**Exercise details**
Would you print each of the entries below precisely as given?

———

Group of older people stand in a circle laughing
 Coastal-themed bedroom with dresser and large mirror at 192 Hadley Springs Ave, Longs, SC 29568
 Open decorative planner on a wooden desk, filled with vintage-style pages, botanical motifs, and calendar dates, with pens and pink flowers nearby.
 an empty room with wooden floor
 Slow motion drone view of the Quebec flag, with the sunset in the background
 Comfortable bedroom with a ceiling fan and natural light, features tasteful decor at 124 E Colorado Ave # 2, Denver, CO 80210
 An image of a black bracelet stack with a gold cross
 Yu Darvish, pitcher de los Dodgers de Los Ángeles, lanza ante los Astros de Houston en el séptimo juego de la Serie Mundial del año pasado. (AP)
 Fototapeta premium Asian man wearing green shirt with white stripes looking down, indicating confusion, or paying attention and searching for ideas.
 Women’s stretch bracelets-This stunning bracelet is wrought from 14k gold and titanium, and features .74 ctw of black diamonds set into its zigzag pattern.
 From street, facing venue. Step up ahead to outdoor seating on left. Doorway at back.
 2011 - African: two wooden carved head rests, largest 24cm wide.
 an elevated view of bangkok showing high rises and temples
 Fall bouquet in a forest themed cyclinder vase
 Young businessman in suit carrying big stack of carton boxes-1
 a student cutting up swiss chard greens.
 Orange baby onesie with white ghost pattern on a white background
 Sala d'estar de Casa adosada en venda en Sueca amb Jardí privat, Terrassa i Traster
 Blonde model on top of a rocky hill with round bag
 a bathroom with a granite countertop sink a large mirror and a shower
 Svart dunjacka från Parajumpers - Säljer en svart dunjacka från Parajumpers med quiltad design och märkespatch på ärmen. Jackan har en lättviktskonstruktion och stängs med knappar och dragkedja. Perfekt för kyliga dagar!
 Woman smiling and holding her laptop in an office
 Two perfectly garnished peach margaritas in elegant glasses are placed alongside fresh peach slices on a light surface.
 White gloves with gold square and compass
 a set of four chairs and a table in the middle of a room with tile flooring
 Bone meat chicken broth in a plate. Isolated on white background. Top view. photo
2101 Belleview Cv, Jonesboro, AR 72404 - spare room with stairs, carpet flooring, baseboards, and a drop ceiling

———

**Exercise answer**
Group of older people stand in a circle laughing
 Coastal-themed bedroom with dresser and large mirror at 192 Hadley Springs Ave, Longs, SC 29568
 Open decorative planner on a wooden desk, filled with vintage-style pages, botanical motifs, and calendar dates, with pens and pink flowers nearby.
 an empty room with wooden floor
 Slow motion drone view of the Quebec flag, with the sunset in the background
 Comfortable bedroom with a ceiling fan and natural light, features tasteful decor at 124 E Colorado Ave # 2, Denver, CO 80210
 An image of a black bracelet stack with a gold cross
 Yu Darvish, pitcher de los Dodgers de Los Ángeles, lanza ante los Astros de Houston en el séptimo juego de la Serie Mundial del año pasado. (AP)
 Fototapeta premium Asian man wearing green shirt with white stripes looking down, indicating confusion, or paying attention and searching for ideas.
 Women’s stretch bracelets-This stunning bracelet is wrought from 14k gold and titanium, and features .74 ctw of black diamonds set into its zigzag pattern.
 From street, facing venue. Step up ahead to outdoor seating on left. Doorway at back.
 2011 - African: two wooden carved head rests, largest 24cm wide.
 an elevated view of bangkok showing high rises and temples
 Fall bouquet in a forest themed cyclinder vase
 Young businessman in suit carrying big stack of carton boxes-1
 a student cutting up swiss chard greens.
 Orange baby onesie with white ghost pattern on a white background
 Sala d'estar de Casa adosada en venda en Sueca amb Jardí privat, Terrassa i Traster
 Blonde model on top of a rocky hill with round bag
 a bathroom with a granite countertop sink a large mirror and a shower
 Svart dunjacka från Parajumpers - Säljer en svart dunjacka från Parajumpers med quiltad design och märkespatch på ärmen. Jackan har en lättviktskonstruktion och stängs med knappar och dragkedja. Perfekt för kyliga dagar!
 Woman smiling and holding her laptop in an office
 Two perfectly garnished peach margaritas in elegant glasses are placed alongside fresh peach slices on a light surface.
 White gloves with gold square and compass
 a set of four chairs and a table in the middle of a room with tile flooring
 Bone meat chicken broth in a plate. Isolated on white background. Top view. photo
2101 Belleview Cv, Jonesboro, AR 72404 - spare room with stairs, carpet flooring, baseboards, and a drop ceiling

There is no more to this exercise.